Since then, my most beloved Archaeogoddess has had a child, and we've discussed breastfeeding, including the fact that I hated it. She found an article that showed that there may be a hormonal imbalance that causes some women to dislike breastfeeding. See, because in the natural order of things, breastfeeding is supposed to trigger a hormonal response that causes mother/infant bonding. I was clearly a freak because that didn't happen for me. Or so I thought. And, frankly, the Archaeogoddess is the first person I ever told about my dislike of breastfeeding that didn't automatically think "Bad Mother." Of course, the Archaeogoddess is my go-to person any time I need to talk about something that could potentially cause someone to judge me. Because she doesn't. She doesn't look at me and think "Bad Mother" because I hated breastfeeding...she thought, huh, that's different, maybe there's a reason for that...and it's one of the eight gazillion reasons I'm blessed to have her as my best friend.

Mental illness issues are difficult, but when you don't have someone like the Archaeogoddess in your corner, not judging you it's even worse. I know I'm lucky...I cannot imagine how many women read articles like the one I linked to above and think, what the fuck is wrong with me, and I should just keep my damn mouth shut about hating breastfeeding, or even the idea of it, and unlike me, they don't have a best friend who will simply say, "OK" when being presented with clear evidence that according to the La Leche League their best friend is THE. WORST. MOTHER. EVER.

I get the judging thing, I do...there are times when I see parents giving their tiny monsters everything they want and never saying no, and never disciplining and I think they are the worst parents in the world...or the parents who do just about anything that's going to have a long term impact on a child's ability to function in society, I totally judge them.
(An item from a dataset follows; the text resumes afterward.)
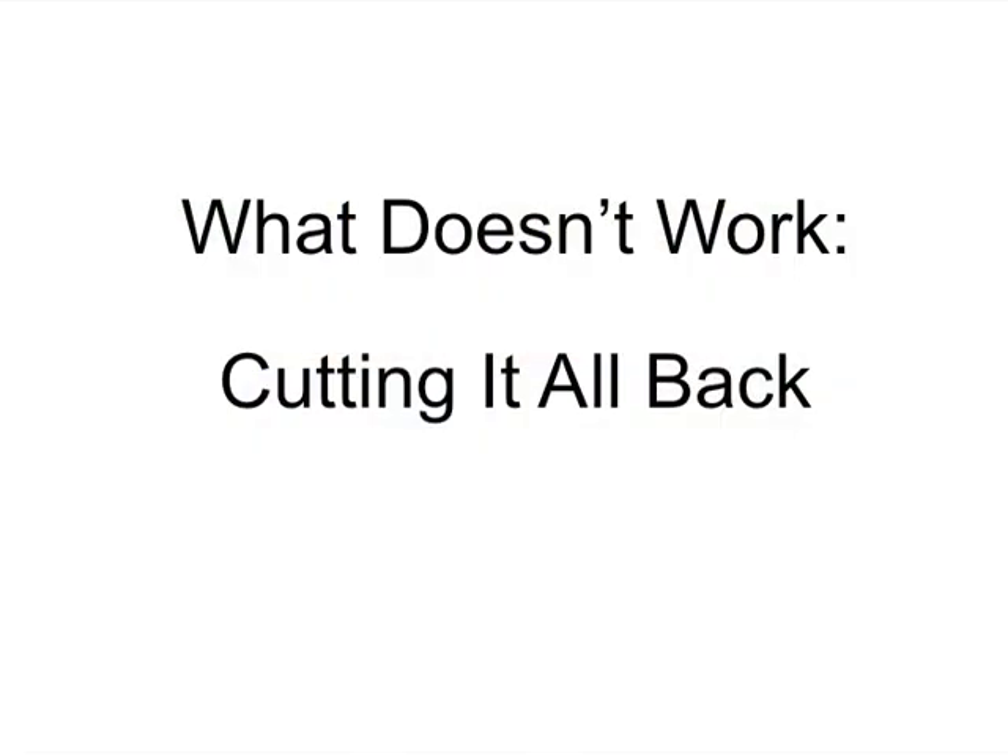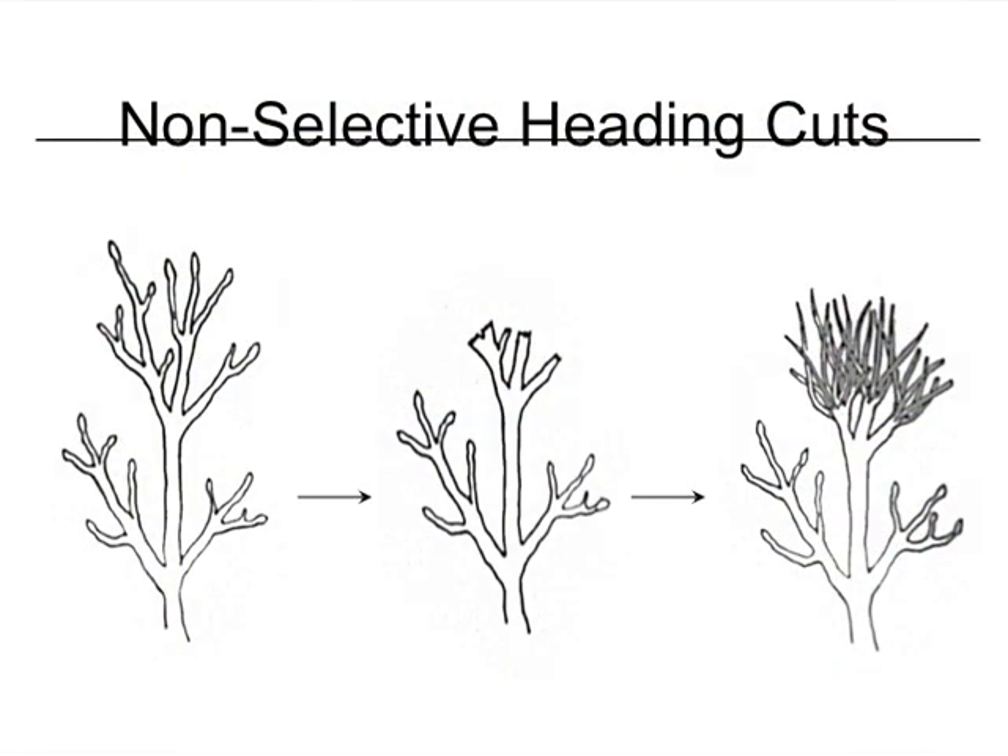What doesn't work is what people automatically think of doing: cutting everything back to the size they used to like. That doesn't work, and here's why. Most people use the non-selective heading cut, hoping to cut their shrub back to the size they like and force a little growth down below. But every time you make this non-selective heading cut, you stimulate dormant buds to grow out — and they grow out fast into many straight shoots called water sprouts.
But judging a parent because they give their child a perfectly healthy substitute for something I choose to feed my kid? No fucking way. And frankly, since I get people evaluating the midget's general diet all the time now (because you know, they are experts on Type 1 diabetes, and they are sure that my kid can't have that diet soda I just gave her, or that candy I just gave her), I almost think I'm more sensitive about the breastfeeding issue now than I was then.

Yes, in a perfect world, every baby would have breast milk, and mothers who have an aversion to breastfeeding could buy or get breast milk donated to them easily. But, we don't live in a perfect world, and there are plenty of mothers who have to choose between their antidepressants and breastfeeding, or other medications and breastfeeding, and they shouldn't be judged for that. It isn't as though they are depriving their child of adequate nutrition. So, shut the fuck up about it. It isn't any one's business what nutritionally sound food you are giving your child. I mean, fine, if you know someone who is filling their kid's bottle with vodka, go ahead and get involved, but even if you think formula is the last thing that would ever cross your baby's lips, it's not your fucking business what that other mother is feeding her kid, or why. Let's focus on the babies who are getting nothing to eat, or the mothers who are watering down formula because they can't afford enough formula, but let's educate them, not judge them, or even better, if you are breastfeeding and you think it's essential for all babies to get breast milk, make yourself part of the solution, find someone in your community raising an infant that's addicted to crack, or a mother who has HIV, and can't breastfeed, and donate your breast milk. And don't go around thinking that the ability to produce milk makes you a better mother than I am...any fucking mammal can produce breast milk, so doing so doesn't make you a good parent, any more than it makes an alley cat a good mother.